FIG. 14 Indicates that over-expression of BMP help regenerate hematopoietic system after irradiation. The graphs show the recovery of hematopoietic precursors in post-irradiated Zebrafish and concomitant analysis of gene expression of key hematopoietic genes after BMP and WNT Stimulation. BMP and WNT signaling promote recovery of post-irradiation hematopoietic system indicating active participation of Signaling Centers to activate critical gene-networks required for hematopoietic regeneration.

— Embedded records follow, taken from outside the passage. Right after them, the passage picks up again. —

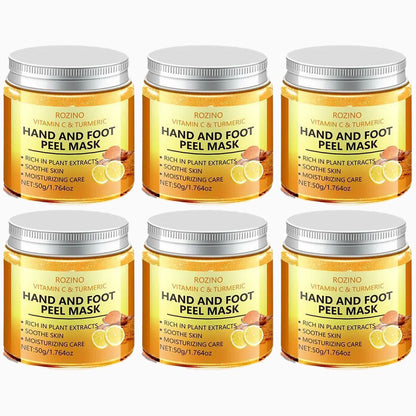 🔥Hot Sale!!🔥Rozino Hand and Foot Mask with Vitamin C & Turmeric Brightens Skin Tones Removes Dead Skin Smooths Softens Deep Moisturizes Gentle Skincare Treatment-TJY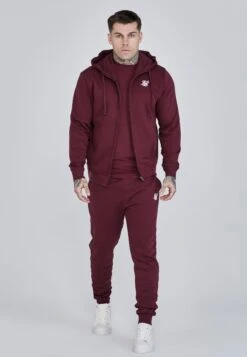 SikSilk Burgundy Essentials Full Zip Hoodie -Modern Men Wear Shop SS 26982 2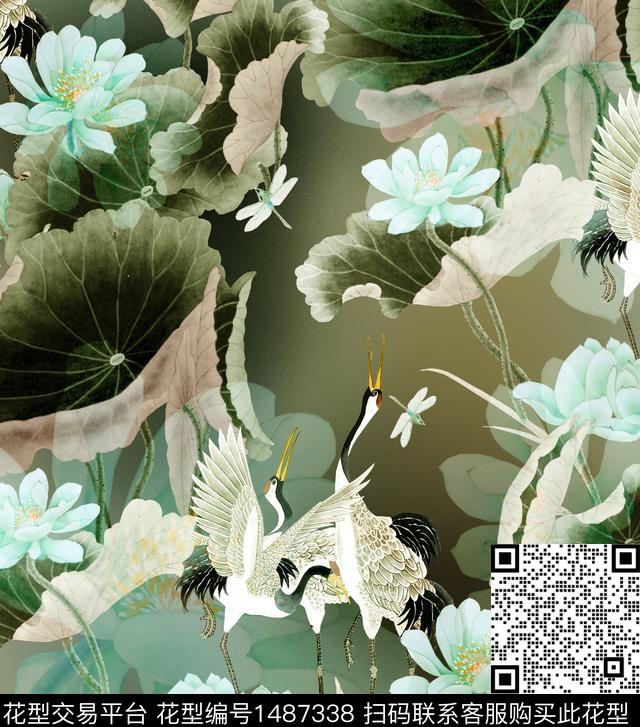 青花瓷荷花香云纱数码印花华亿平台下载（图片编号: 1487338） - 瓦栏（Walan）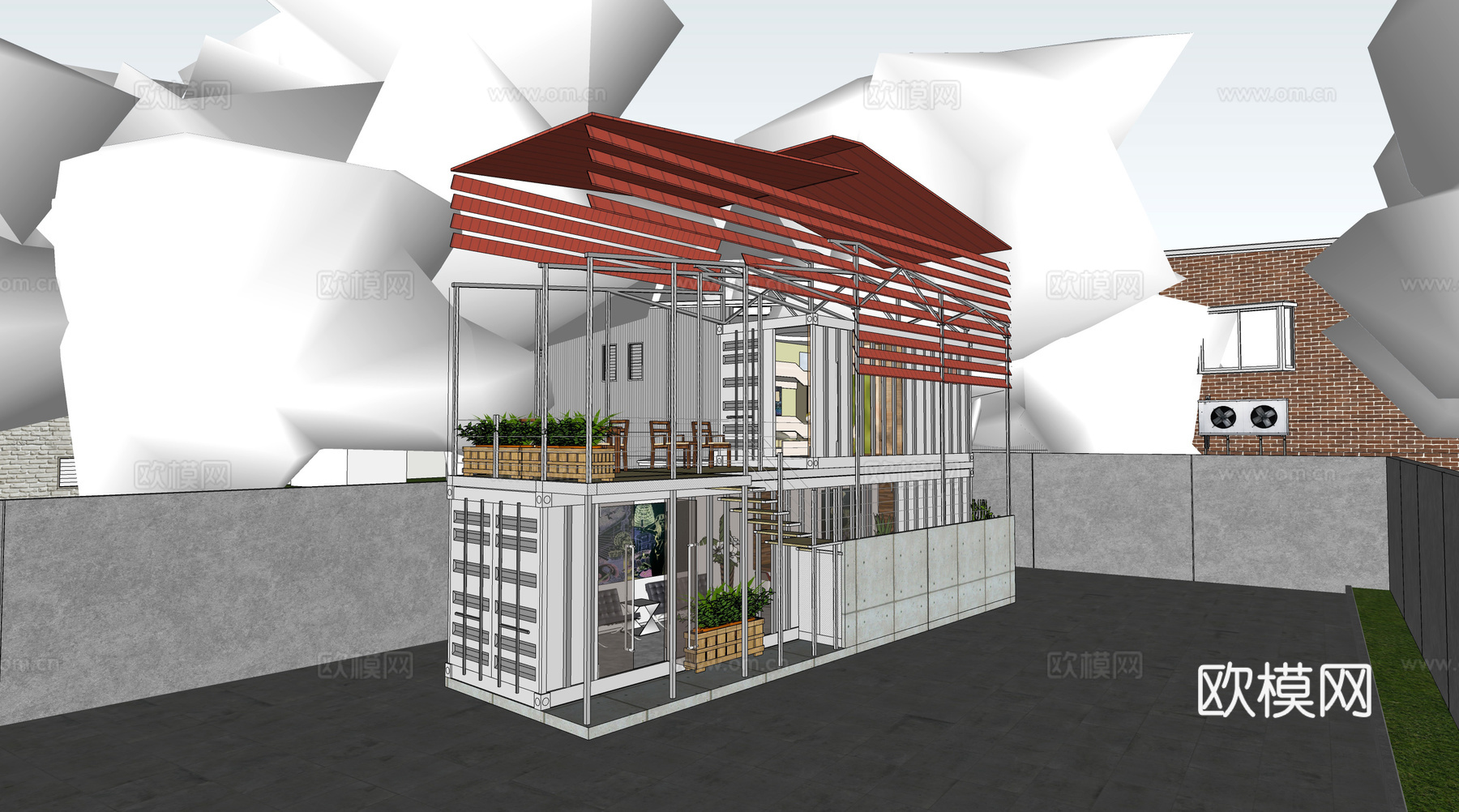 工业风集装箱建筑外观su模型下载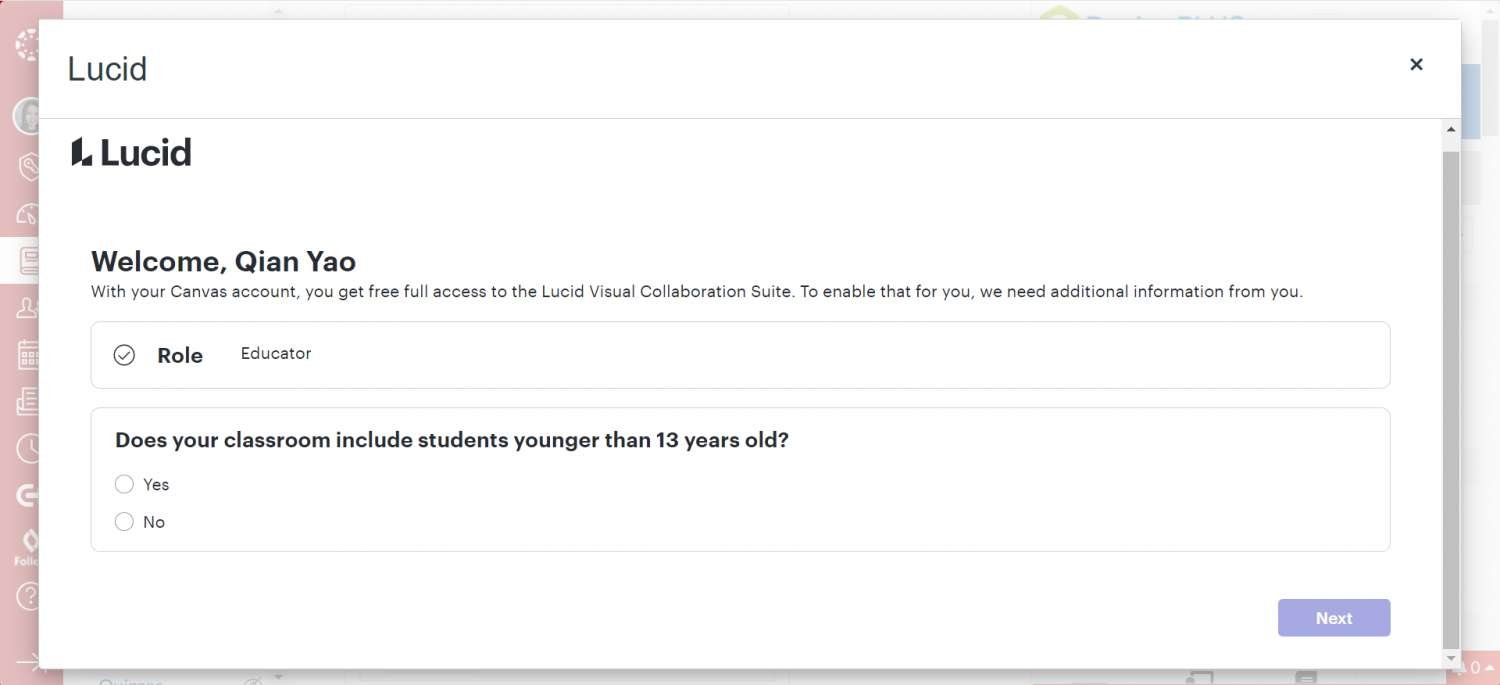 Lucid Visual Collaboration Suite interface featuring a welcome message, a checkbox for educator role selection, a question about including students younger than 13 years, and a "Next" button.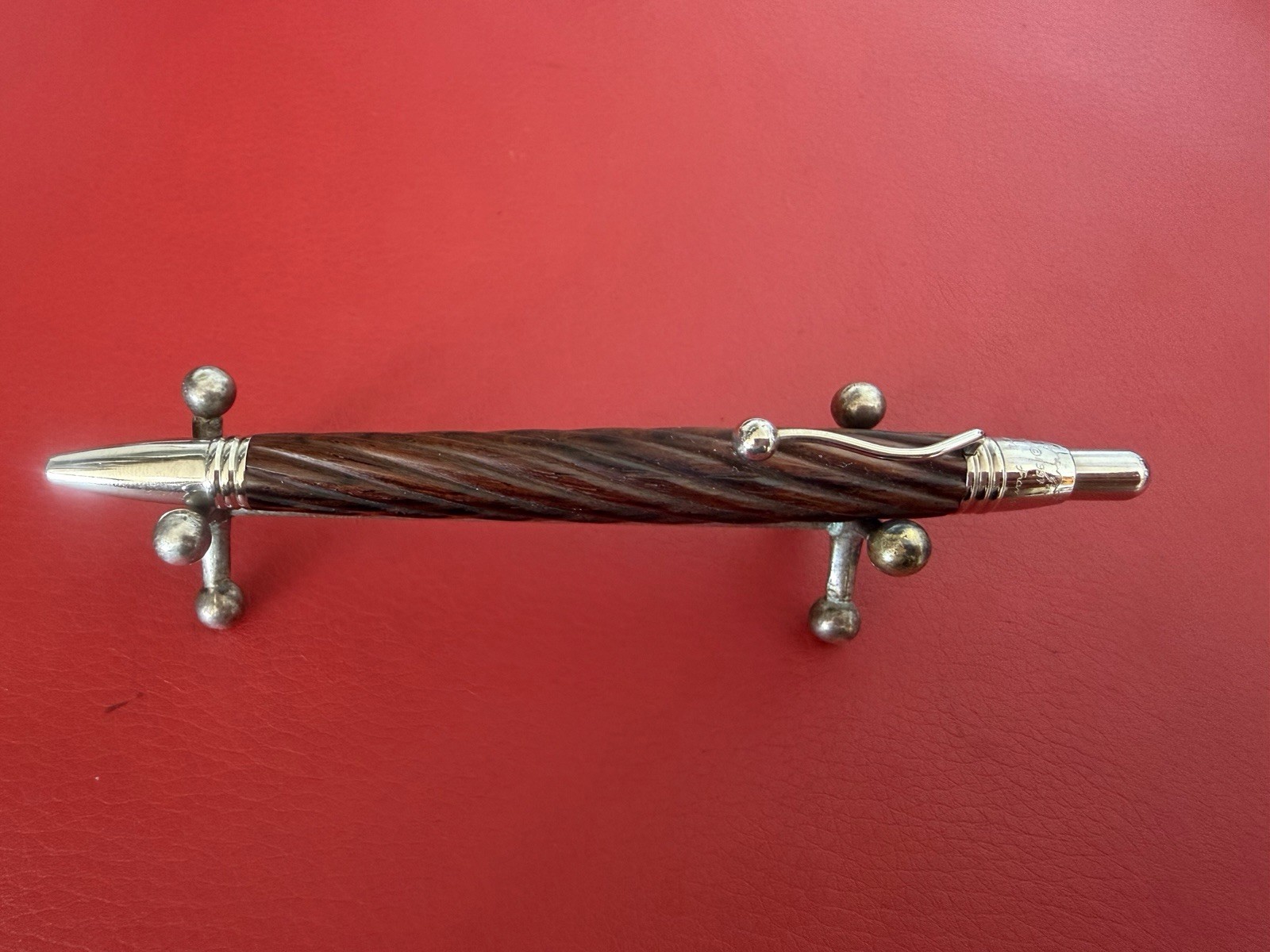 JEAN PIERRE LEPINE Vintage 1997 Indigo Wood Turned Spiral Spher Pen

FIG. 15 Indicates that BMP-signaling promotes differentiation in human CD34⁺ cells. Facs analysis and graphs show that BMP signaling induce erythroid differentiation whereas inhibition of BMP signaling inhibits erythroid commitment in human CD34 cells. This observation indicates a role of signaling pathways in defining cell-fate during human erythropoiesis.

FIG. 16 is a schematic depicting a working Hypothesis: i.e. SMAD1, in close proximity to lineage restricted master regulators, defines Signaling Centers that change at every step of human erythropoiesis, in turn, determines stage-specific gene expression.

FIG. 17 are RNAseq graphs of gene expression dynamics during human erythropoiesis indicating that global clustering of RNAseq as well as expression of representative erythroid-specific genes specifies day 3 of differentiation as erythroid commitment time-point for human CD32 progenitors.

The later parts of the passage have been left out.